Say what you will about Tesla; the electric car maker has a knack for making news. As a strategy for an automotive company that does not advertise, it’s incredibly effective, but the hype sometimes is more than the actual vehicle can bear. Now that the dust has settled on the release of the Model S P100D — the model that can accelerate faster than any other production car on the market — we thought it was time to check if the car is a ludicrous proposition or a reasonable buy.
First come the specs, and they are jaw-dropping: The 100 kWh battery does things few cars of any powertrain can do, beginning with the zero-to-60 run in 2.5 seconds when operating in (optional) Ludicrous mode. If you’re keeping score at home, that makes it No. 1 on the quick-meter. As an electric vehicle, it outdoes previous Model S iterations by increasing the segment-best range to 315 miles, so there is no comp as far as that goes, either.
This range and performance runs buyers $134,500, although Uncle Sam will be glad to knock off $7,500 at tax time. There are several states that are happy to trim $2,500 or up to $6,000 more off the price, but we’ll stick with $127,000. As Elon Musk referenced in the Tesla statement, only two cars accelerate faster than this model: Ferrari LaFerrari and Porsche 918 Spyder, two hybrid supercars that were available in limited editions and are no longer in production.
Those flashy two-seaters cost $1.4 million (LaFerrari) or just under $1 million (918), so we’re starting out at at least $800,000 less if you opt for the new Model S. Of course, the two European models are absolutely one-of-a-kind head-turners that roar with ferocious abandon, so there is no mistaking them in the company of a five-seat sedan that drives more or less silently. But if you crave speed and green driving above all else, there is nothing even in the ballpark.
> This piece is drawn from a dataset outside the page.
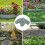 50pc STONE SLAB PLASTIC GARDEN BORDER EDGING PATH BED GRASS LAWN 8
Ironically, both the 918 Spyder and LaFerrari are plug-in hybrids with limited EV range, so you could make the case for them being vaguely green, as we recently did in an Auto Cheat Sheet post. However, there is another plug-in hybrid in the same price range that is worth a look: BMW i8, listed at $140,700 before plug-in hybrid incentives.
In terms of electric range, EPA tests say it gets you 14 miles without switching to high-octane gasoline. Unfortunately, it will take you all of 4.2 seconds to reach 60 miles per hour from a standstill (yawn). By that time, Model S P100D is blasting closer to 100, leaving i8 drivers with only high style as a consolation prize. For a plug-in hybrid, it doesn’t top the new Model S by much: i8 can only cover 330 miles on a full tank of gas and charged battery.
Weren’t plug-in hybrids the answer for those terrified by range anxiety? Even the new Chevy Volt only offers 420 miles with a full tank and total charge, so P100D doesn’t make excuses on any level.
Getting back to the Tesla marketing machine, you can’t beat releasing the world’s quickest production car and then remind everyone it runs without gas. A few years ago, such a concept was unthinkable. Several ludicrous Model S trims later, the car-buying public can choose an EV or compromise with some gas-powered supercar. Now we’re talking about a revolution, and a reasonably priced one at that.